Topic: HIV
Scenario: 65 year old hemophiliac presents with poor appetite, difficulty swallowing, and weight loss
History and Physical:
HPI: Recently moved to the US; reports poor appetite and sore throat over the last 3 months; reports being unable to get out of bed for a week; at patient’s last office visit, his lab work was positive for HIV; patient was non-compliant with follow-up stating he had moved and has not sought out a new primary care physician
- PMH: depression, hemophilia, HIV
- Home Medications: multivitamin, Fe supplement
- PE: Cachectic, marked alopecia, muscle wasting, lungs are diminished throughout, tachycardia, white patches noted in mouth
- Labs: WBC 3.5 Hgb 9.1, HIV positive, CD4 count 141, viral load ordered
- CXR: negative
Speech Consult: passed swallow test
RD consult: weight loss of 25 lbs., BMI 17.2, meets criteria for severe protein calorie malnutrition
EGD report: candidiasis noted throughout esophagus, biopsied
Discharge Summary: severe protein malnutrition, HIV +, hemophilia, thrush, ID consult as outpatient for antiretroviral therapy
Question: Are there query opportunities based on the scenario stated above?
Discussion:
HIV disease/AIDS: An HIV-positive patient with a past or present occurrence of either of the following:
- Absolute CD4 T-lymphocyte count < 200
- An AIDS defining condition
The CD4 count of an uninfected adult in good health is 500 to 1500
UASI Recommends:
Query for:
- Query for clarification for HIV disease ( B20) vs asymptomatic HIV ( Z21)
- Query for linkage of EGD report to HIV ( thrush vs candida esophagitis)– CDI can NOT assume any relationship between diagnoses and HIV
Documentation without clarification:
Principal diagnosis: E43-Unspecified severe protein calorie malnutrition
Secondary diagnoses: D66 Hereditary factor VII deficiency, Z21 Asymptomatic HIV, B370 Candidal stomatitis
DRG: 640 Misc. Disorders of nutrition, metab, fluid/electrolytes w MCC, RW: 1.214, GMLOS: 3.3, SOI/ROM: 3/3
Documentation with clarification:
Principal diagnosis: B20- HIV disease
Secondary diagnoses: D66 Hereditary factor VII deficiency, B37.81 Candidal esophagitis, E43 unspecified severe protein calorie malnutrition
DRG 974 HIV with major related condition with MCC, RW: 2.6739 GMLOS: 6.3, SOI/ROM: 4/4
CDI Educational Tips:
- AHA Coding Clinic, First Quarter 2019 , p.8
- The provider should be queried if the documentation is unclear on whether the condition is related to HIV
- ICD 10 OCG Section I.C.1.a.2.f:
- Patients with known HIV-related illness should always be coded to B20. Code confirmed cases to B20 and never to Z21 ( asymptomatic)
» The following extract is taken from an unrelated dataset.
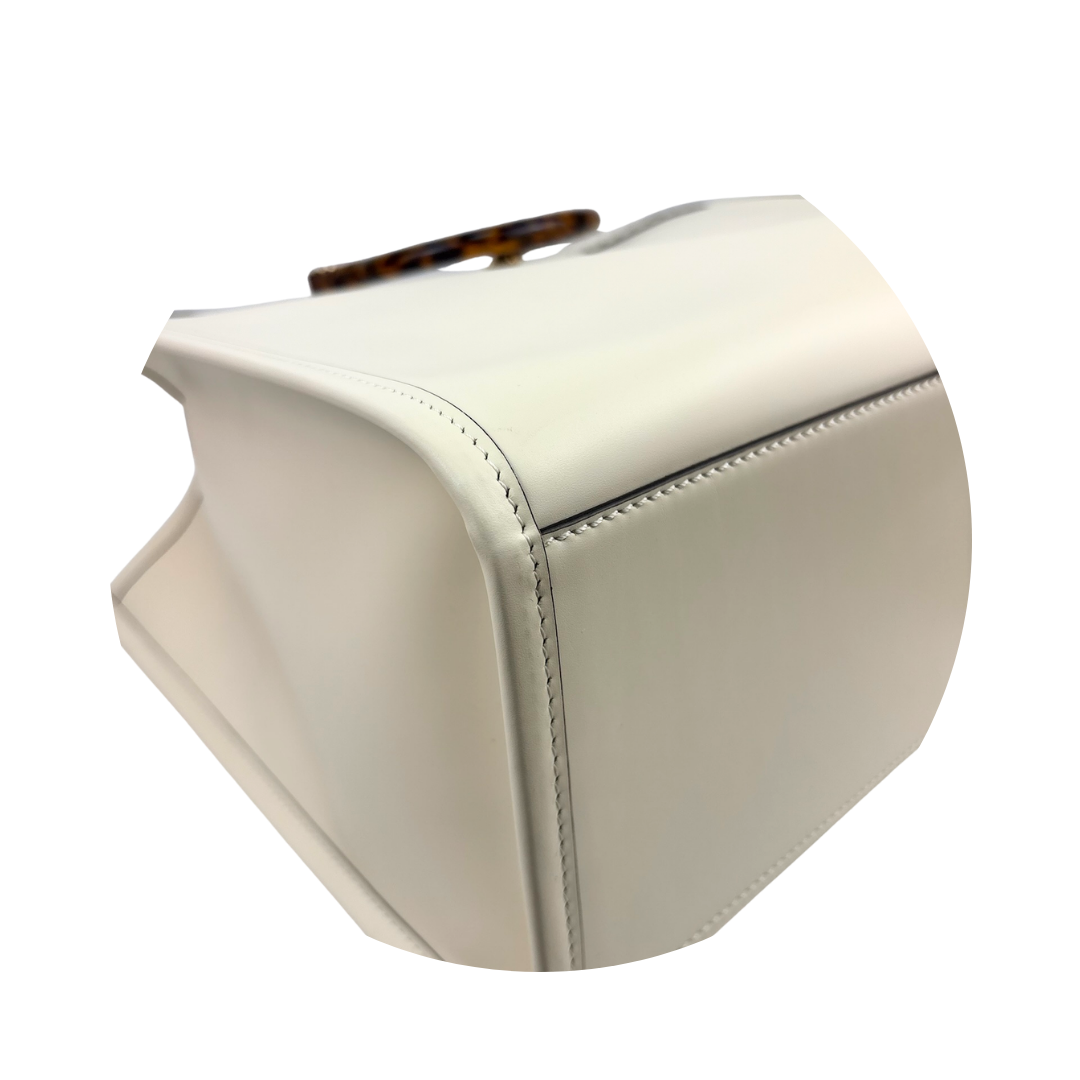 Fendi Cream Medium Sunshine Shopper Tote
- When AIDS is documented or if the patient is being treated for any HIV related illness use B20
- Asymptomatic HIV (Z21) has a significant impact on risk adjustment which impacts hospital ratings (https://health.usnews.com/health-care/best-hospitals/articles/faq-how-and-why-we-rank-and-rate-hospitals)
- Past medical records: Review previous records for an HIV related illness with prior coding of B20
Examples for coding Z21 and B20
Case Example | PDX | 2nd Codes |
Positive HIV test in patient who is asymptomatic | Reason for admission | Z21 |
Candidiasis 2/2 AIDS | B20 | B37.0 |
Herpes Zoster 2/2 HIV | B20 | B02.9 |
Acute appendicitis admitted for appendectomy, Kaposi’s sarcoma of skin 2/2 HIV, w total appendectomy | K35.80 | B20,C46.9,0DTJ4ZZ |
This is a short synopsis of a possible patient record and is not intended to be all inclusive. This is for educational purposes only and not intended to replace your institutional guidelines.